What do these important confessions reveal about the Baptist view of divine sovereignty and human responsibility?

First, Baptists believe that the lost sinner is responsible for his condemnation and that only he deserves the blame for it.

In the beginning man was innocent of sin and was endowed by his Creator with freedom of choice. By his free choice man sinned against God and brought sin into the human race. Through the temptation of Satan man transgressed the command of God, and fell from his original innocence whereby his posterity inherit a nature and an environment inclined toward sin. Therefore, as soon as they are capable of moral action, they become transgressors and are under condemnation. Only the grace of God can bring man into His holy fellowship and enable man to fulfill the creative purpose of God. (BFM Art. III)
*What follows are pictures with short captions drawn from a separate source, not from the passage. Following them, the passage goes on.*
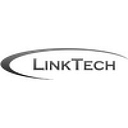 Linktech Worldwide logo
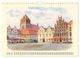 Thumbnail-12
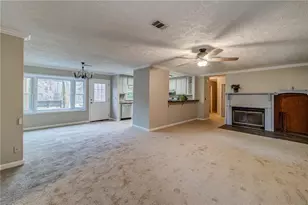 53 Black Rd NE, White, GA 30184 - Photo 15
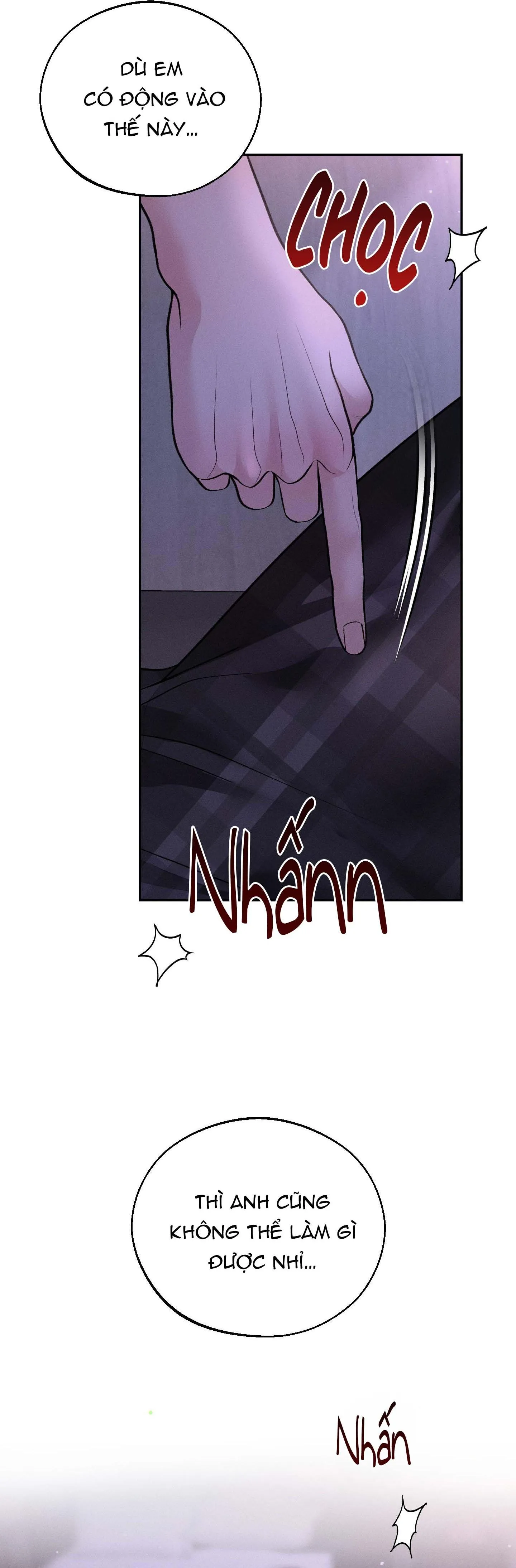 Cứu Tinh Của Thứ Hai Chapter 38 Trang 17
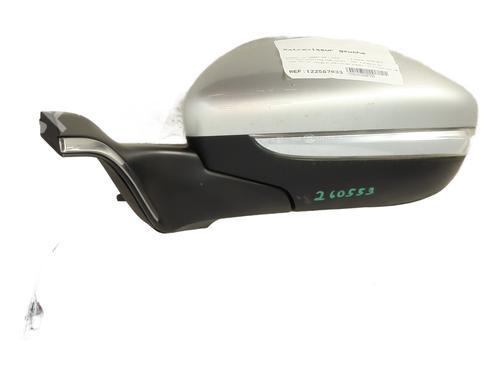 left-mirror-peugeot-208-i-ca_-cc_-2012-2013-2014-2015-2016-2017-2018-2019-2020-2021-33043176 main image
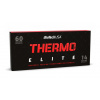 BioTech USA ThermoTest Elite, 60 kapsúl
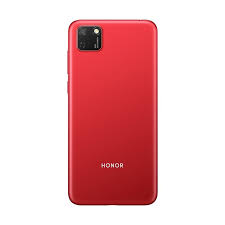 Huawei Honor 9S: Price, specs and best ...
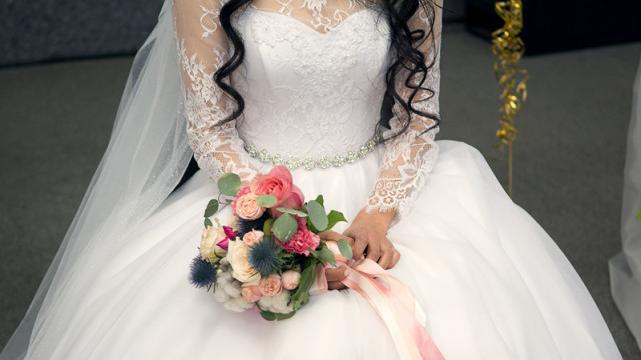 胡小乖|“房子卖了可以再买，我妈治病要紧”“那你也不能卖我娘家房子”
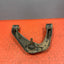 Nissan Navara NP300 FRONT UPPER WISHBONE Passenger Side 2015-PRESENT P/N 545254KH0A
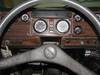 Thumbnail T_B5348N.JPG of 1998 Freightliner FLD120 day cab semi truck , 224,378 miles on odometer , ECM data shows 437,337 act...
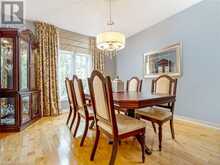 15 TRILLIUM Terrace Halton Hills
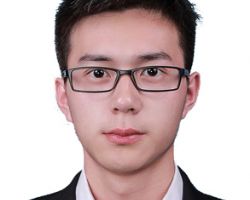 段小姐(专业外账会计)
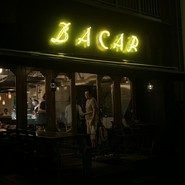 BACAR　OKINAWA（バカール　オキナワ）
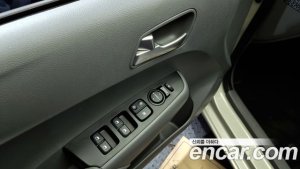 Kia morning Prestige 2021 года из Южной Кореи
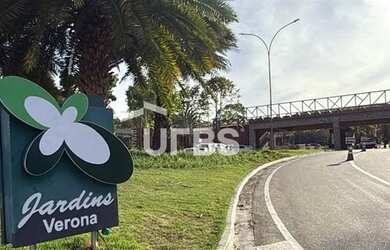 Imagem 7: TERRENO - Terreno Residencial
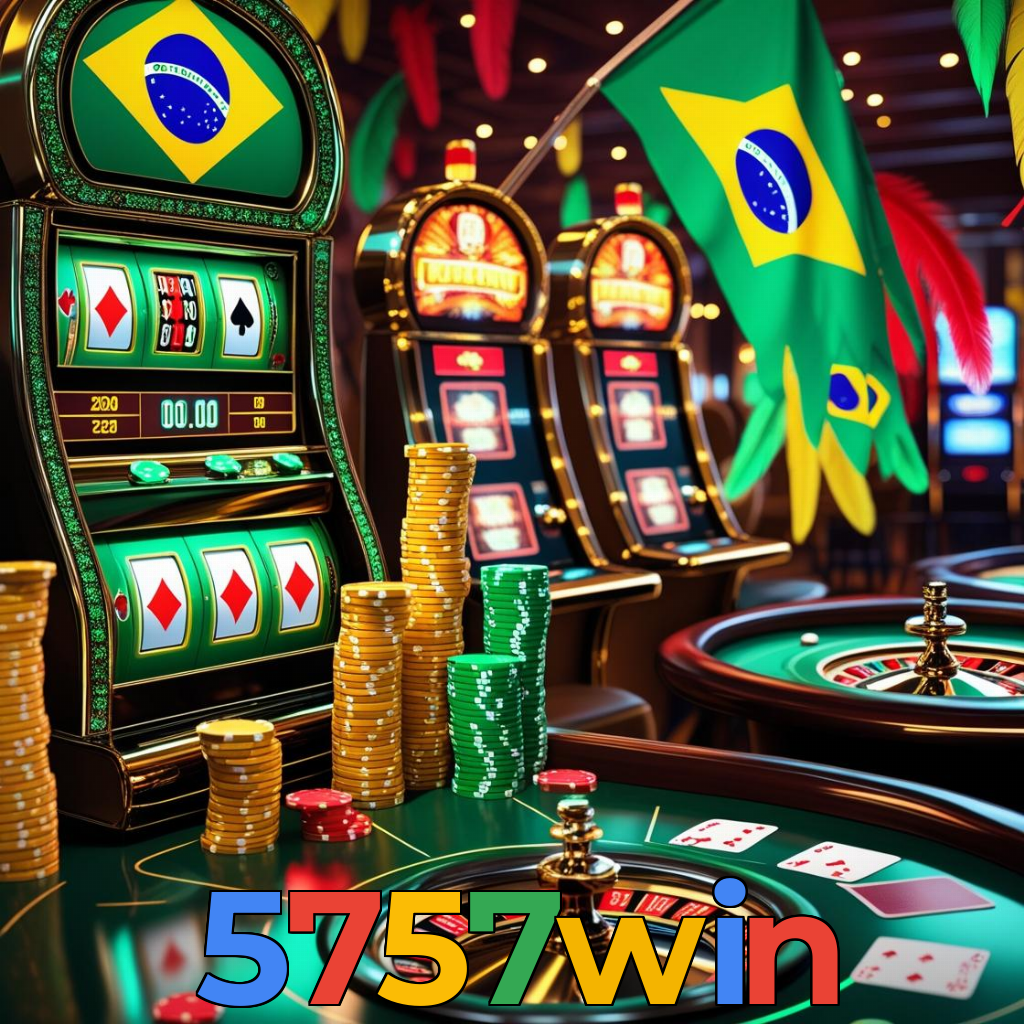 5757win：Aposte no futebol online e conquiste a vitória dos seus sonhos!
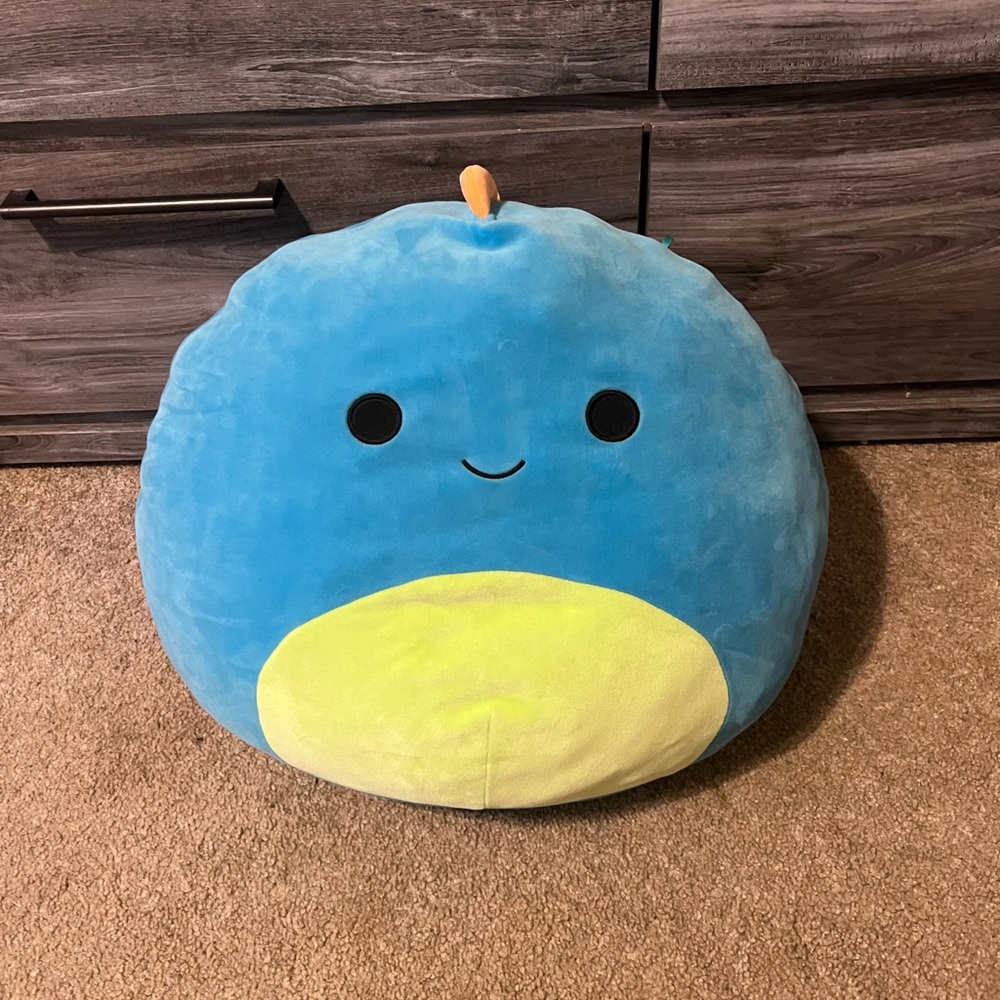 squishmallows - Picture 3 of 3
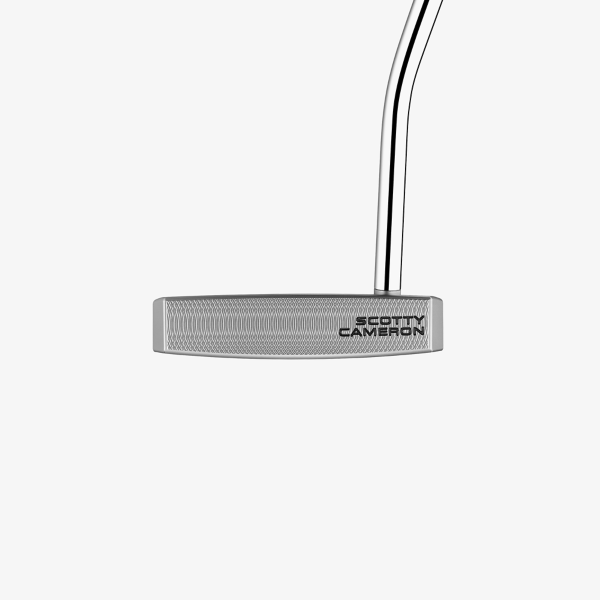 Scotty Cameron Putter Phantom 5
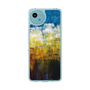 Slim Protection Case［ SHOTARO SANADA - Untitled feat. ACROSS ］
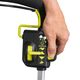 Ryobi Снігоприбиральна машина акумуляторна Max Power RY36STX53A-150 36В 1х5А·год ширина 53см безщітковий двигун викид до 11м висота 35см 25.5кг, фото , зображення 6 | SNABZHENIE.com.ua Ryobi Снігоприбиральна машина акумуляторна Max Power RY36STX53A-150 36В 1х5А·год ширина 53см безщітковий двигун викид до 11м висота 35см 25.5кг, фото , зображення 6 | SNABZHENIE.com.ua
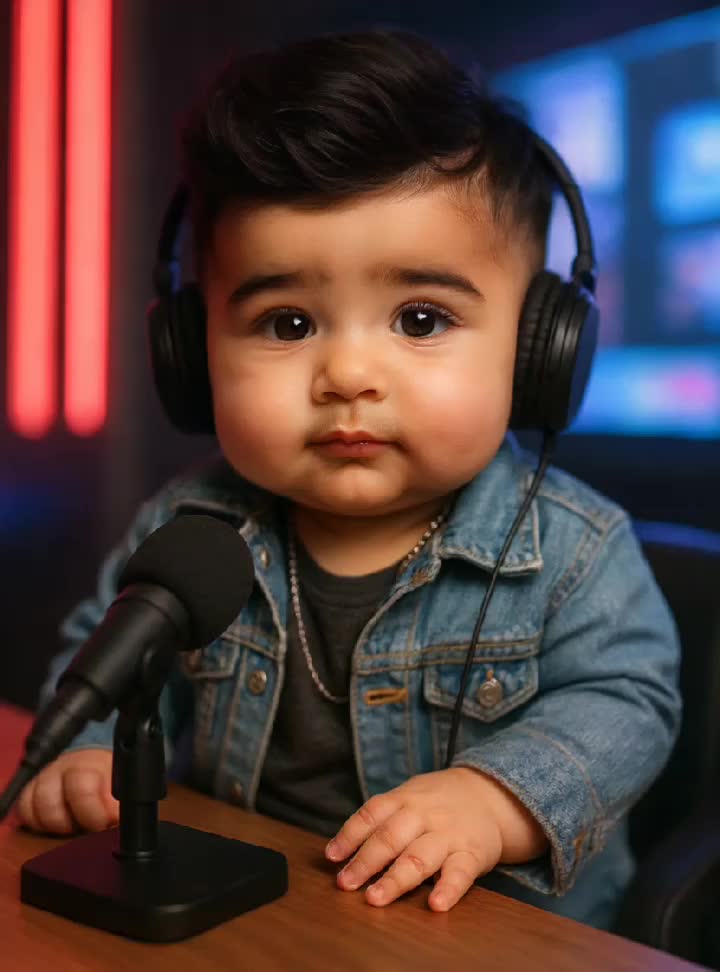 @aitvit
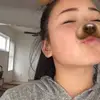 evaa - @evabeaudoinn - TikTok
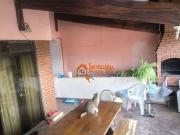 Sobrado com 3 dormitórios à venda, 155 m² por R$...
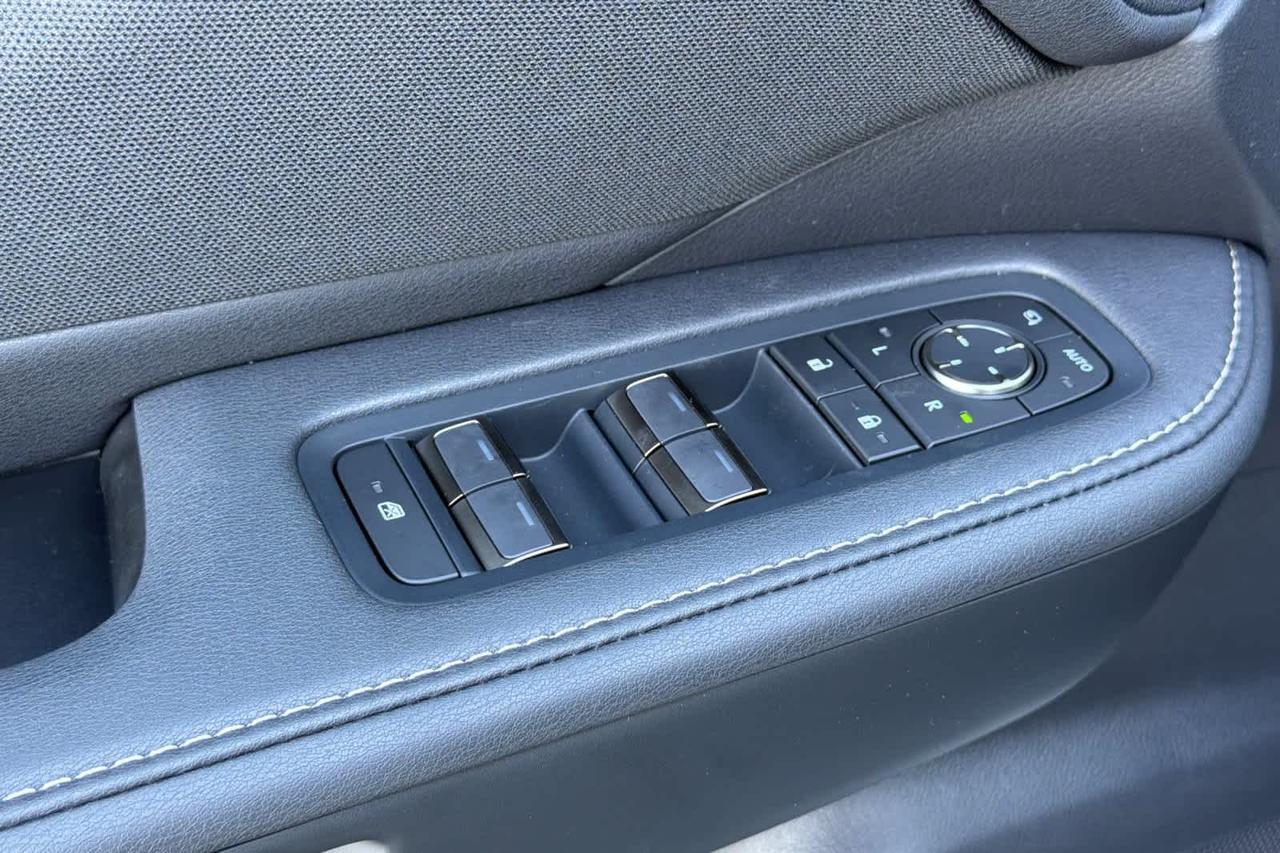 2026 Lexus TX 350 F SPORT HANDLING AWD Roseville CA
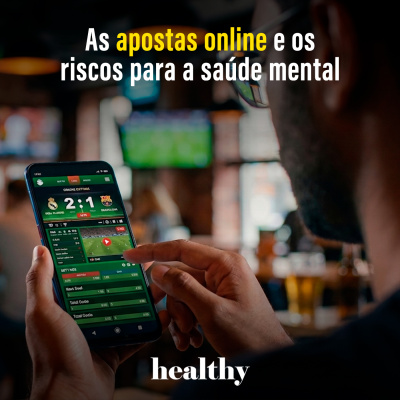 Healthy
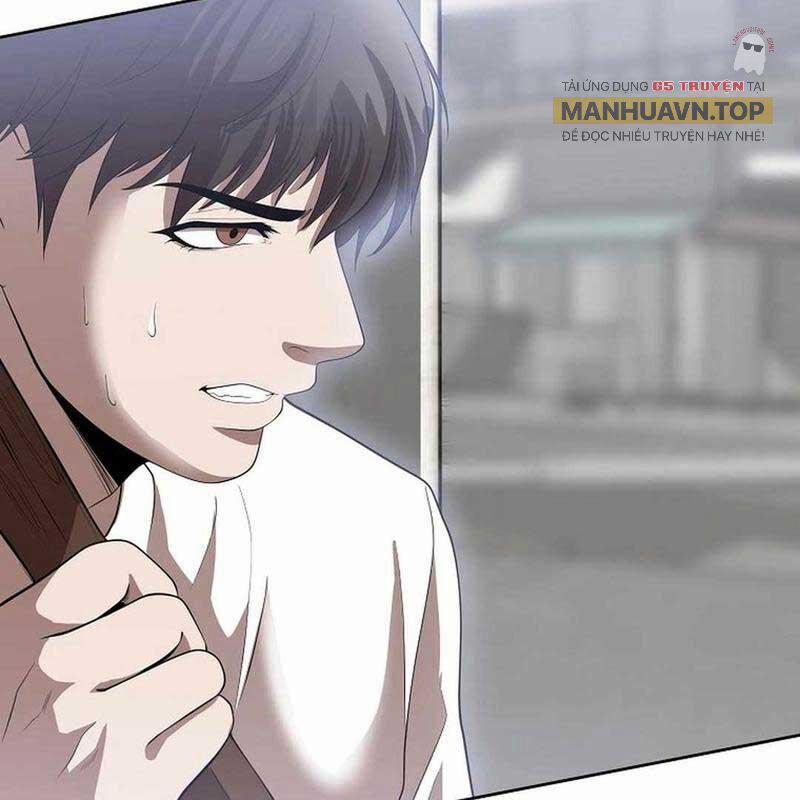 Hiện Thực Của Phim Ảnh 46 trang 81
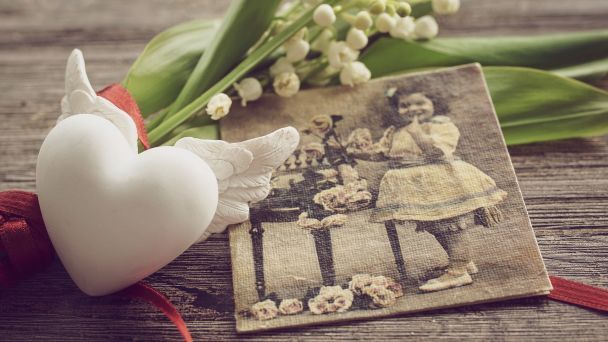 Как навести порядок в доме / © pixabay.com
The BFM reiterated its affirmation of man’s free choice in article V by insisting that election is consistent “with the free agency of man.” The NHBC was even more explicit on this point. It insisted “that nothing prevents the salvation of the greatest sinner on earth except his own voluntary refusal to submit to the Lord Jesus Christ, which refusal will subject him to an aggravated condemnation” (Emphasis added). A view that portrays God as preventing those who want to repent and believe from doing so is clearly beyond the parameters of the BFM and NHBC. Although these confessions affirm divine sovereignty in salvation, they just as strongly affirm human freedom and responsibility.

The BFM and NHBC show that Southern Baptists over the last two centuries have affirmed that in some mysterious way God is completely sovereign and humans are fully responsible creatures. We affirm both divine sovereignty and human responsibility because the Bible clearly teaches both. We may not be able to reconcile logically these two affirmations, but we seek to hold them in a proper biblical balance.

Second, Baptists believe that God is the cause of our salvation from beginning to end and that only He deserves glory for it.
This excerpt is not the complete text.